* **ACTIVITY**
Starting at the line that contains "Bennett Scrpbld1 1" and stopping at the line that contains "Folgers Coffee, Ground, Mild, Breakfast", restate each line of the records below exactly. Omit the pictures.

* **TASK INPUTS**
▬▬▬▬▬▬

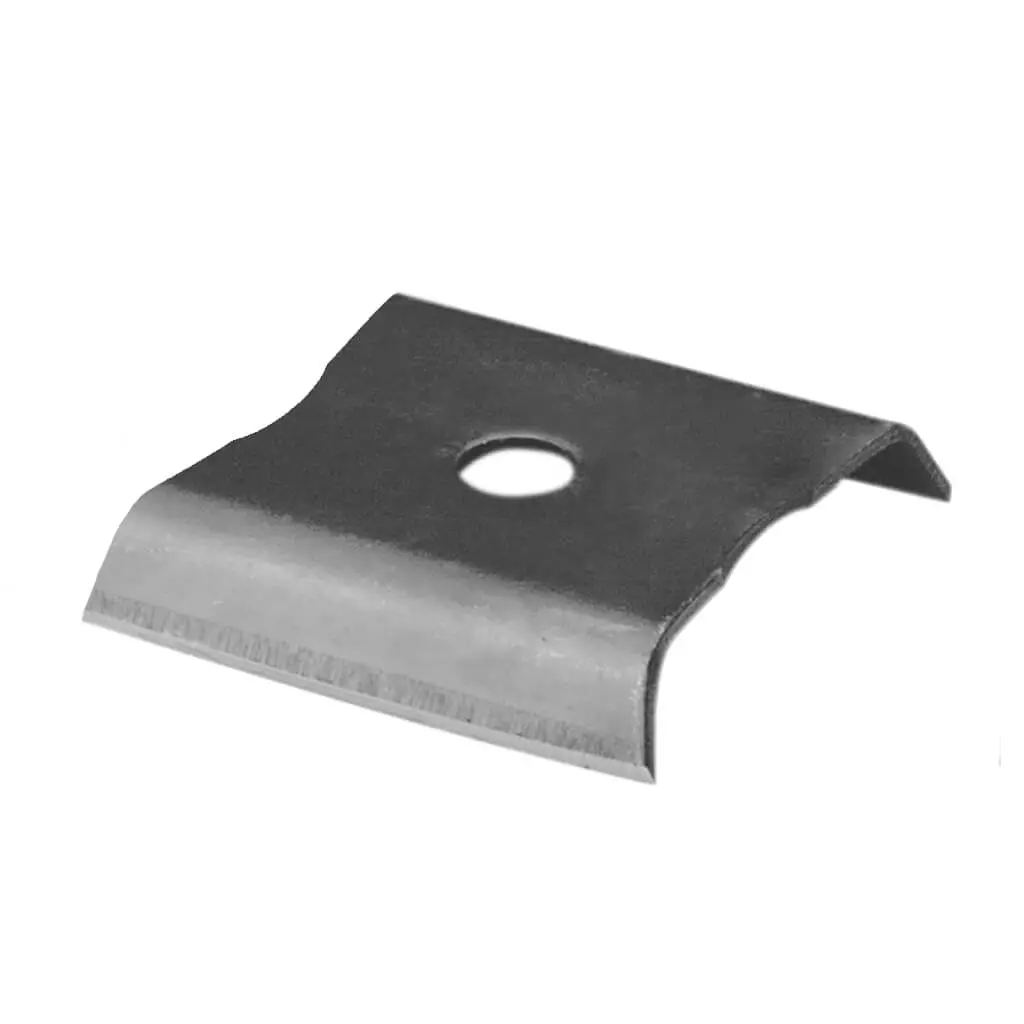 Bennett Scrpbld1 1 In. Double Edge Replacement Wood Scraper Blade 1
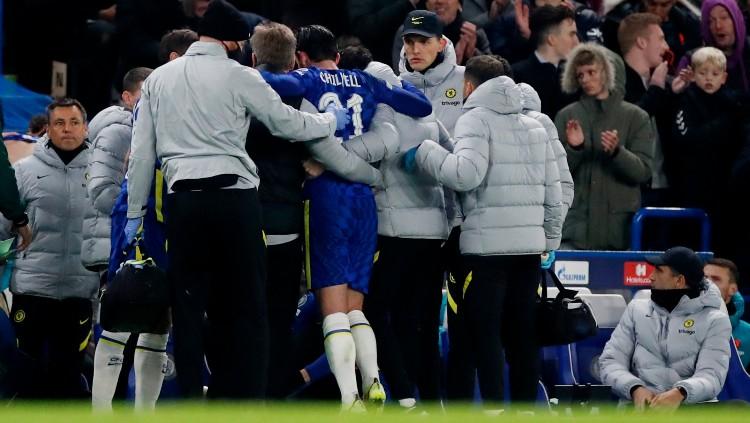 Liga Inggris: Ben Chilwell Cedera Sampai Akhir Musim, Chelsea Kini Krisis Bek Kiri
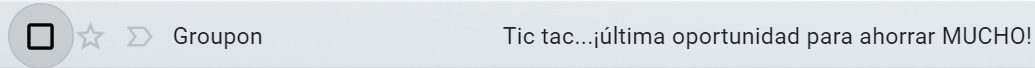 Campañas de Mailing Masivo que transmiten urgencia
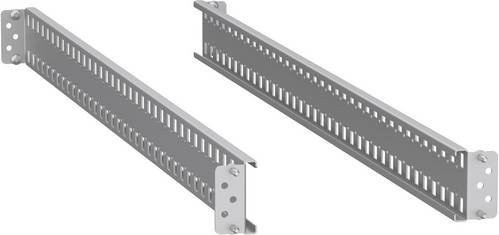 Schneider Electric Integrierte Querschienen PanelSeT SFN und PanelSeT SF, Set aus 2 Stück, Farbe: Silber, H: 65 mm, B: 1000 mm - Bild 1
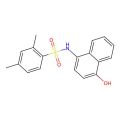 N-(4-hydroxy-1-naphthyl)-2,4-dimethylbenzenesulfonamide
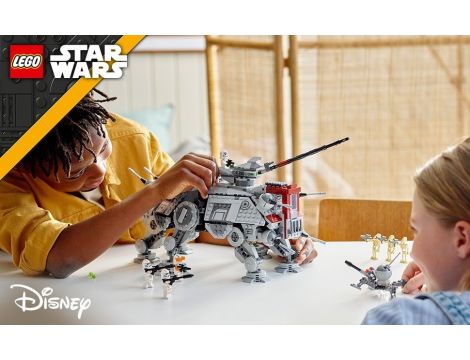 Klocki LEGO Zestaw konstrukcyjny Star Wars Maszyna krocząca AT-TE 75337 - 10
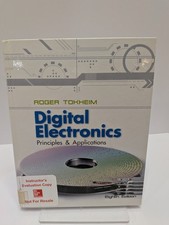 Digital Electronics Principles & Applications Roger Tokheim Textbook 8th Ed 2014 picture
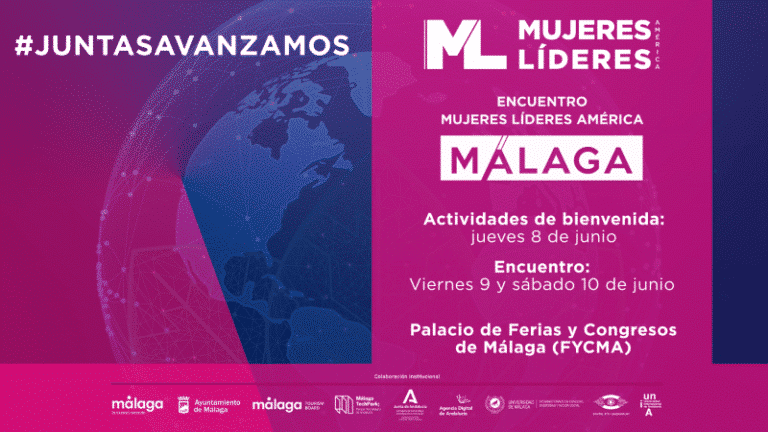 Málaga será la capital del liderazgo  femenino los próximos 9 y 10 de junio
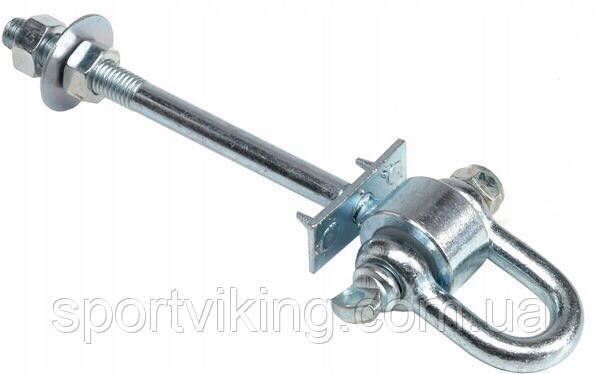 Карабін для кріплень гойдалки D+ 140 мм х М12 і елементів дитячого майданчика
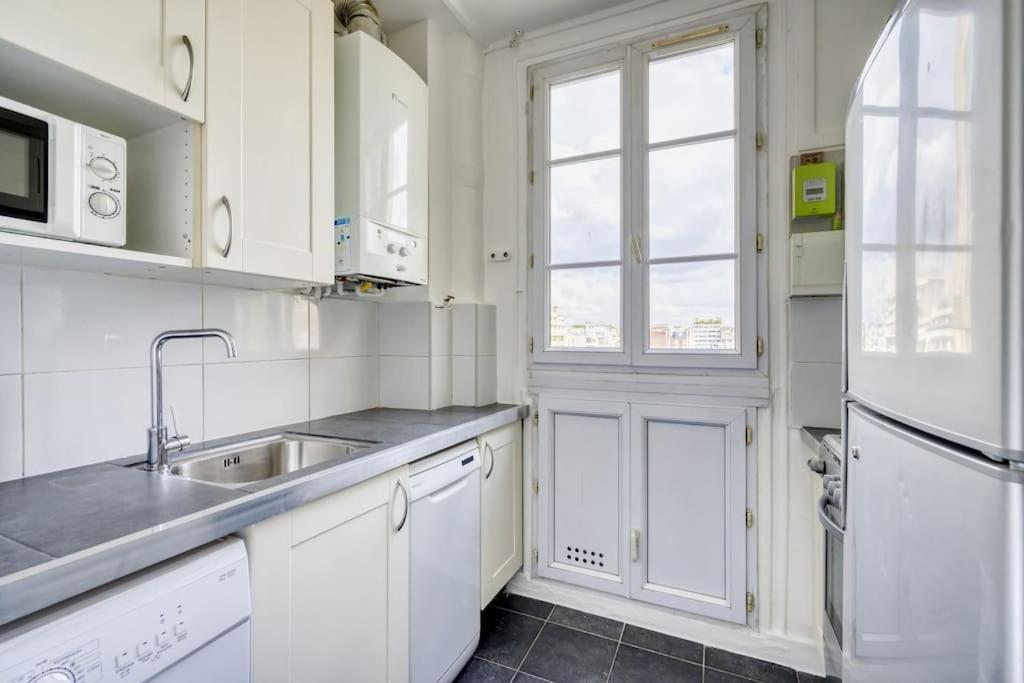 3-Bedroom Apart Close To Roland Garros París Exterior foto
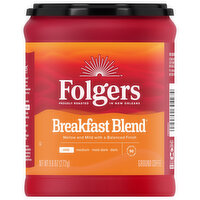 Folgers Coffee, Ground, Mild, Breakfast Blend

▬▬▬▬▬▬

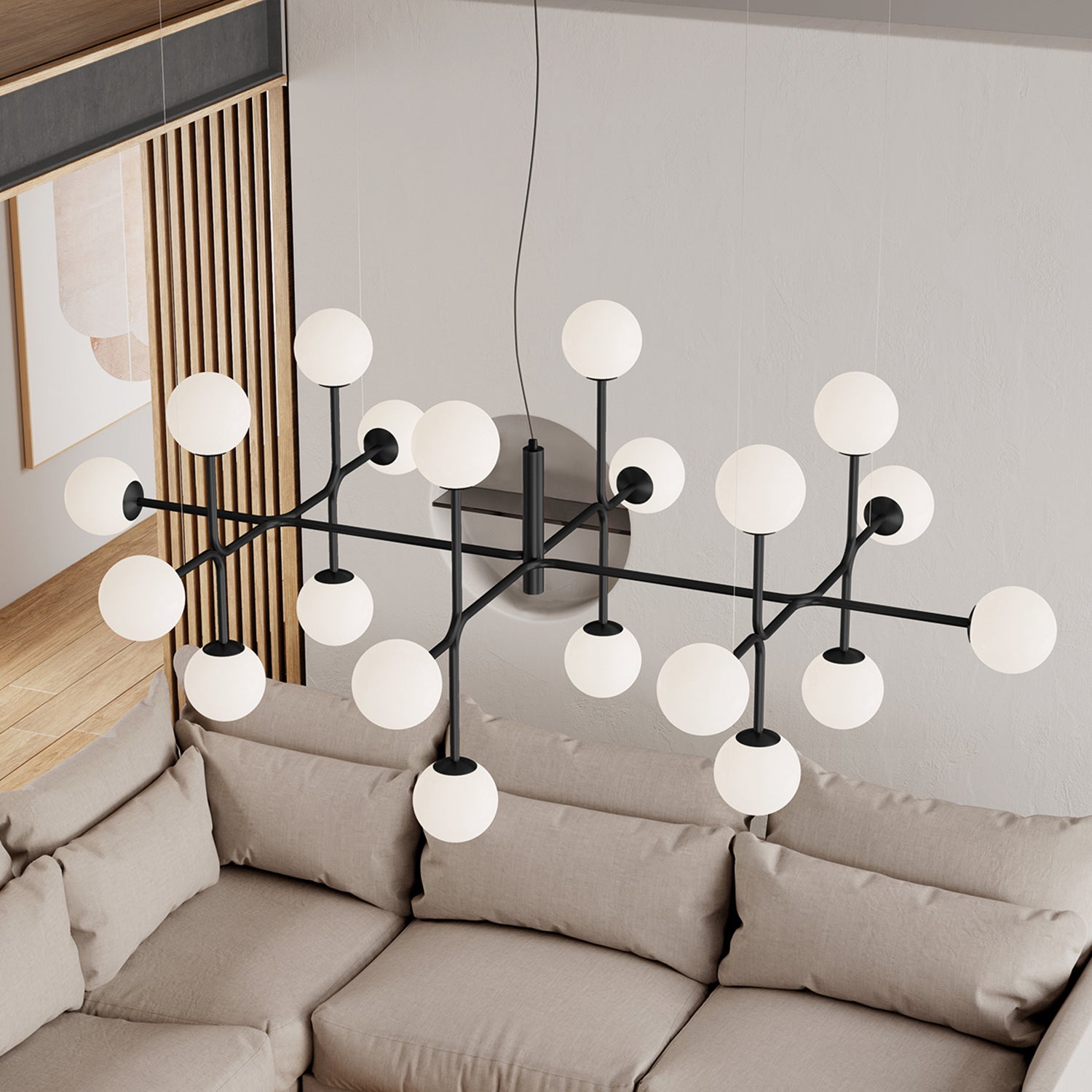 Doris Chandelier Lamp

▬▬▬▬▬▬

* **EXERCISE SOLUTION**
 Bennett Scrpbld1 1 In. Double Edge Replacement Wood Scraper Blade 1
 Liga Inggris: Ben Chilwell Cedera Sampai Akhir Musim, Chelsea Kini Krisis Bek Kiri
 Campañas de Mailing Masivo que transmiten urgencia
 Schneider Electric Integrierte Querschienen PanelSeT SFN und PanelSeT SF, Set aus 2 Stück, Farbe: Silber, H: 65 mm, B: 1000 mm - Bild 1
 N-(4-hydroxy-1-naphthyl)-2,4-dimethylbenzenesulfonamide
 Klocki LEGO Zestaw konstrukcyjny Star Wars Maszyna krocząca AT-TE 75337 - 10
 Digital Electronics Principles & Applications Roger Tokheim Textbook 8th Ed 2014 picture
 Málaga será la capital del liderazgo  femenino los próximos 9 y 10 de junio
 Карабін для кріплень гойдалки D+ 140 мм х М12 і елементів дитячого майданчика
 3-Bedroom Apart Close To Roland Garros París Exterior foto
 Folgers Coffee, Ground, Mild, Breakfast Blend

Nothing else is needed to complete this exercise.